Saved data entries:
-- Opening Marker --
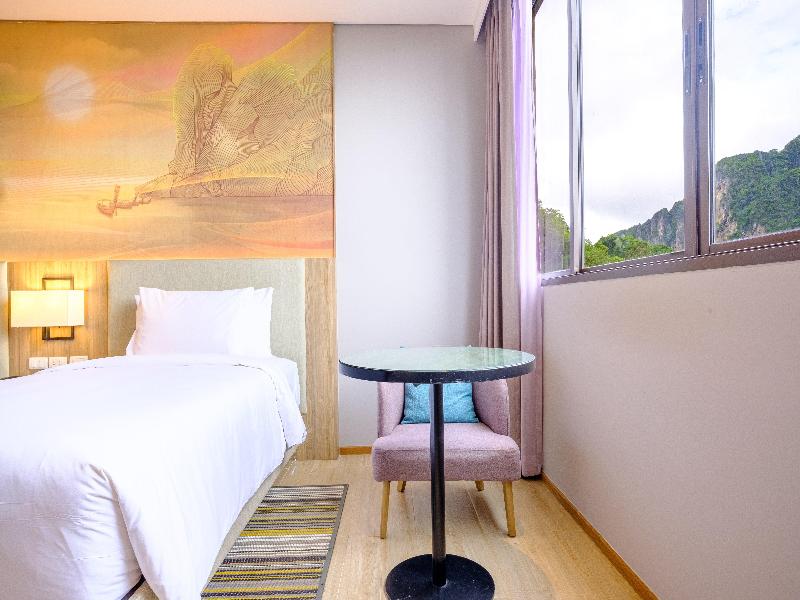Holiday Inn Resort Krabi Ao Nang Beach image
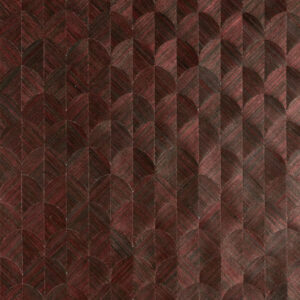 Arte Heliodor Scale behang in kleur 49106 (49106) - Product close-up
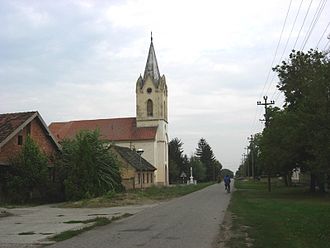 Katolička crkva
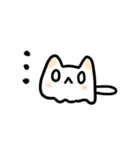 めんねこ（個別スタンプ：7）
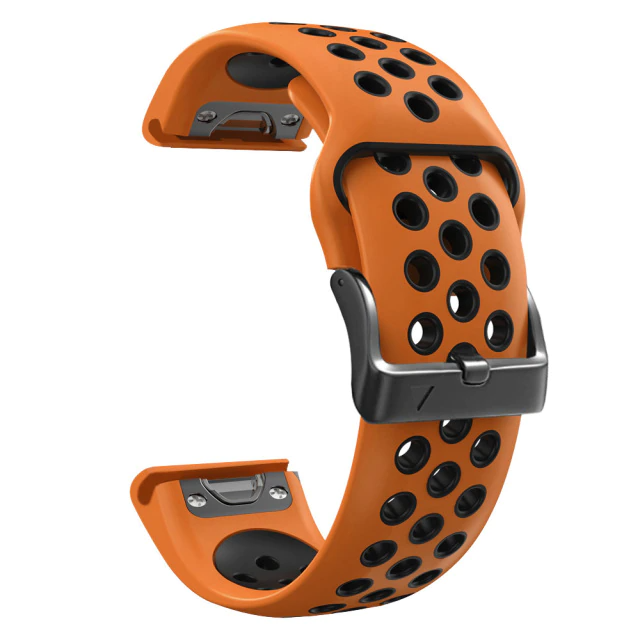 Correa Quick-Fit | 22mm (Sport) - 3 colores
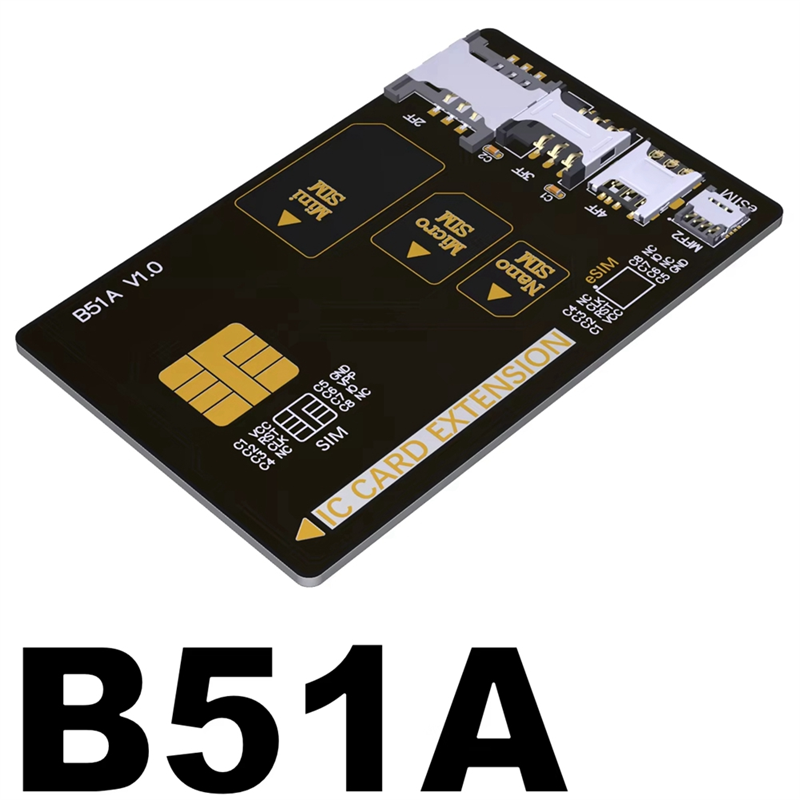 APPLIA-Smart Card Adapter Open - Phone Opening Tool avis et prix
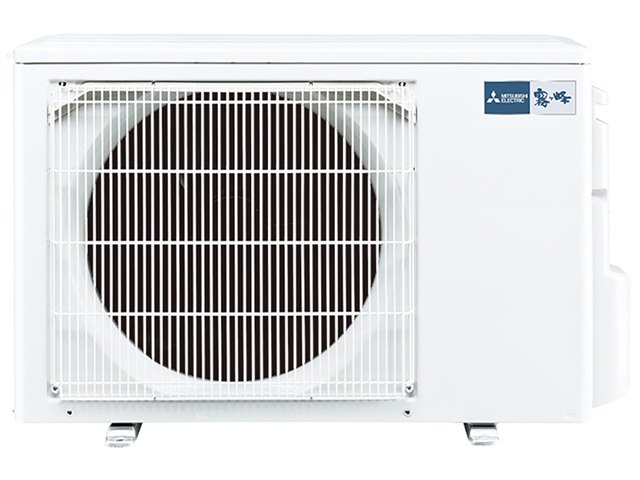 三菱　エアコン　霧ヶ峰　MSZ-GE4023S-W　室外機 MSZ-GE4023S-W」の人気商品一覧 | 安い商品を通販サイトから探す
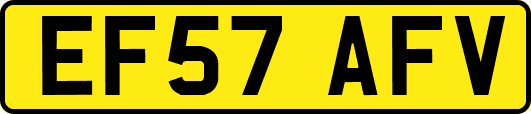 EF57AFV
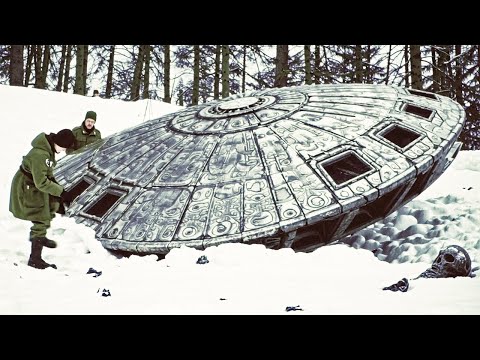 Видео: Найдены Инопланетные Объекты, Способные Изменить Ход Истории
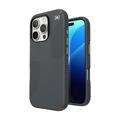 iPhone 16 Pro Speck Presidio2 Grip Etui Hybrydowa - Szary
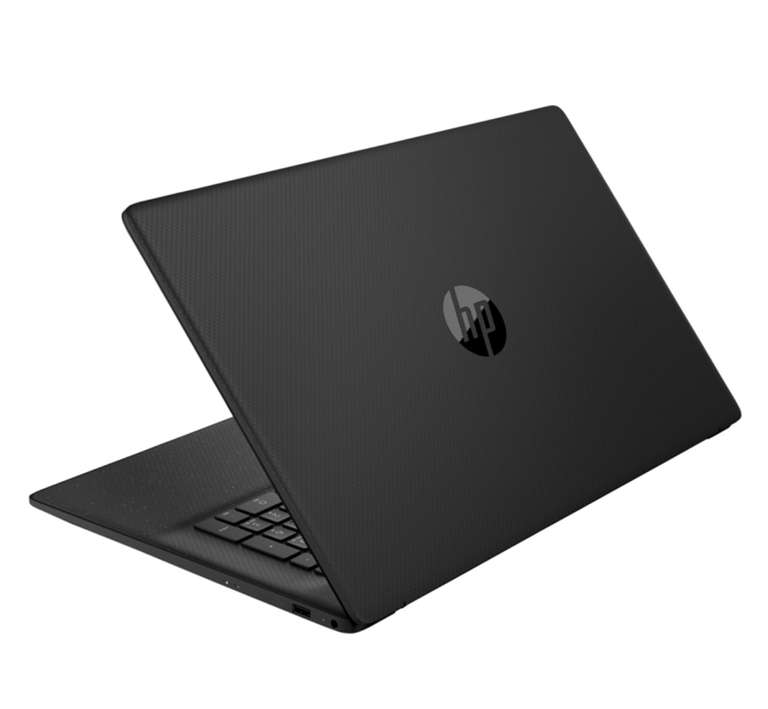 Ноутбук HP 17-cn1002ny Black 60V13EA 17.3" FHD IPS Intel Core i5 1155G7 GeForce MX350 8+512Gb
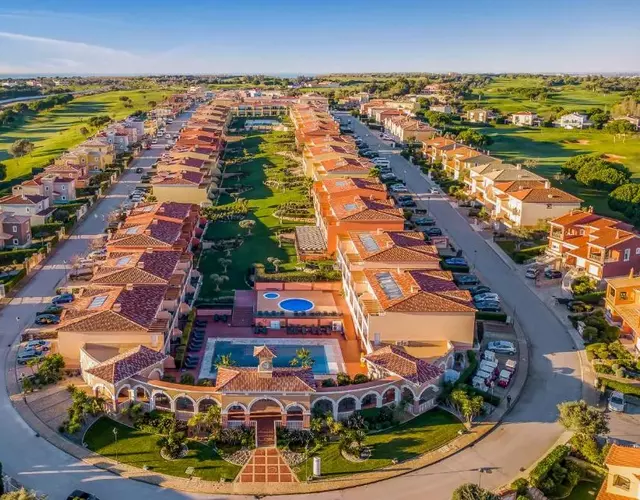 Boavista Golf & Spa - Bela Colina Holidays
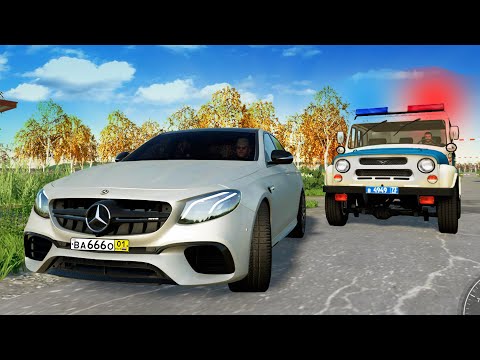 Видео: КУПИЛ МАШИНУ ДЛЯ ДРУГА - ВОТ ЧТО СЛУЧИЛОСЬ - Farming Simulator 22 по сети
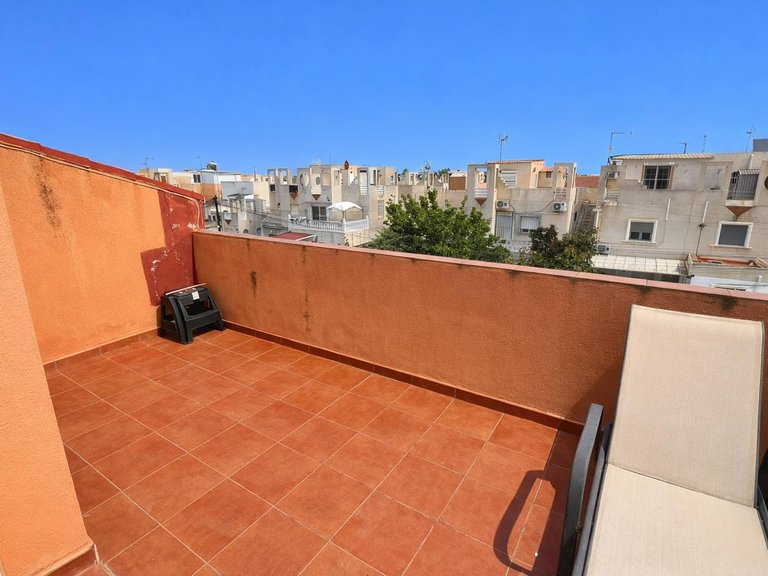 Apartment for Sale in Torrevieja, Alicante 25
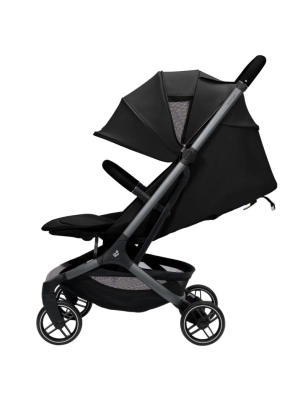 Silla de paseo Oxford Cabin de Maxicosi Onyx Black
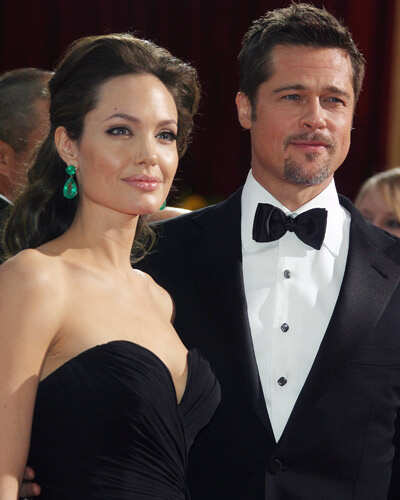 81st Academy Awards: Hottest couples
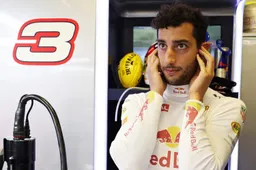 Red Bull drivers and others escape 107% rule grid drop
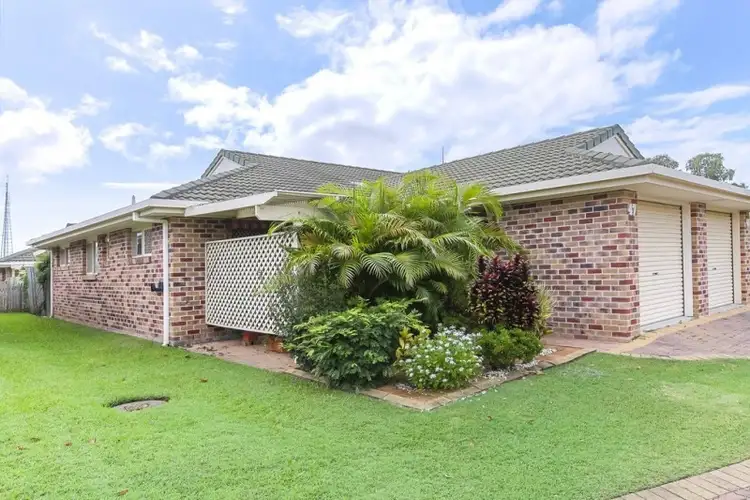 Second view of Homely unit listing, 47/18 North Buderim Boulevard, Buderim QLD 4556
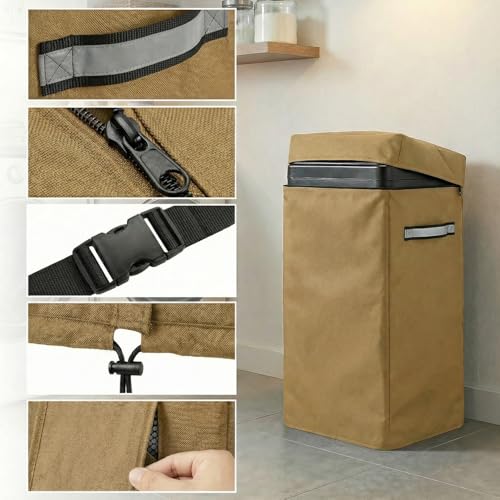 Funda protectora para ablandador de agua 12x12x38 in miniatura 2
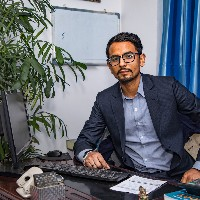 Raju Nagarkoti-Freelancer in ,Nepal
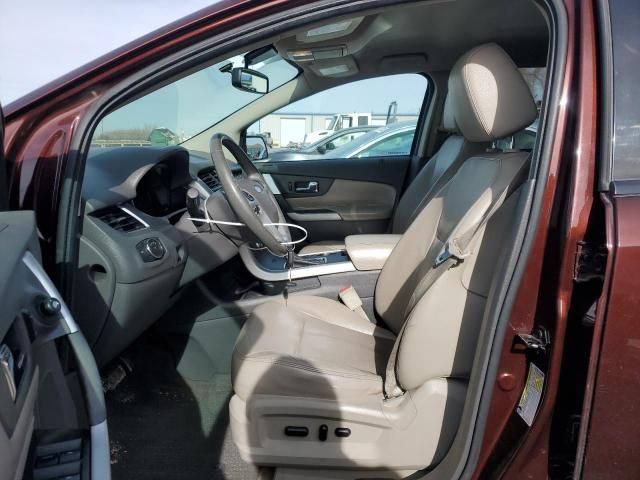 2012 Ford Edge SEL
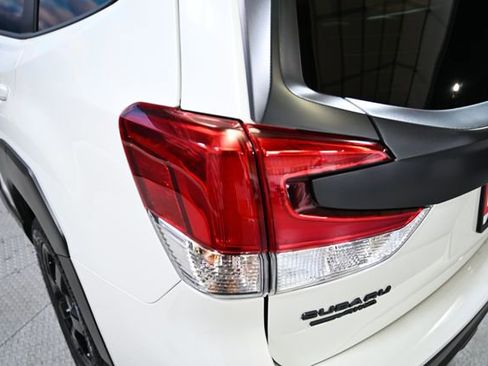 Certified 2024 Subaru Forester Wilderness image 12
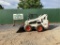 2012 BOBCAT S770 SKID STEER LOADER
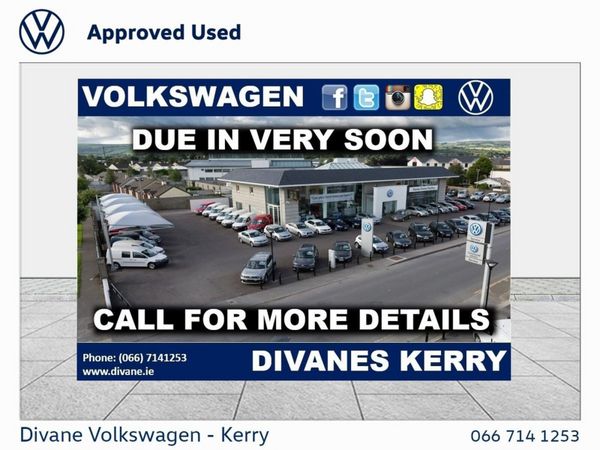 Volkswagen Golf Hatchback, Petrol, 2027, Silver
-- Closing Marker --
§ Requirement: Each line above should be set down exactly as written, with pictures excluded.

§ Response to the task:
Holiday Inn Resort Krabi Ao Nang Beach image
 Arte Heliodor Scale behang in kleur 49106 (49106) - Product close-up
 Katolička crkva
 めんねこ（個別スタンプ：7）
 Correa Quick-Fit | 22mm (Sport) - 3 colores
 APPLIA-Smart Card Adapter Open - Phone Opening Tool avis et prix
 三菱　エアコン　霧ヶ峰　MSZ-GE4023S-W　室外機 MSZ-GE4023S-W」の人気商品一覧 | 安い商品を通販サイトから探す
 EF57AFV
 Видео: Найдены Инопланетные Объекты, Способные Изменить Ход Истории
 iPhone 16 Pro Speck Presidio2 Grip Etui Hybrydowa - Szary
 Ноутбук HP 17-cn1002ny Black 60V13EA 17.3" FHD IPS Intel Core i5 1155G7 GeForce MX350 8+512Gb
 Boavista Golf & Spa - Bela Colina Holidays
 Видео: КУПИЛ МАШИНУ ДЛЯ ДРУГА - ВОТ ЧТО СЛУЧИЛОСЬ - Farming Simulator 22 по сети
 Apartment for Sale in Torrevieja, Alicante 25
 Silla de paseo Oxford Cabin de Maxicosi Onyx Black
 81st Academy Awards: Hottest couples
 Red Bull drivers and others escape 107% rule grid drop
 Second view of Homely unit listing, 47/18 North Buderim Boulevard, Buderim QLD 4556
 Funda protectora para ablandador de agua 12x12x38 in miniatura 2
 Raju Nagarkoti-Freelancer in ,Nepal
 2012 Ford Edge SEL
 Certified 2024 Subaru Forester Wilderness image 12
 2012 BOBCAT S770 SKID STEER LOADER
 Volkswagen Golf Hatchback, Petrol, 2027, Silver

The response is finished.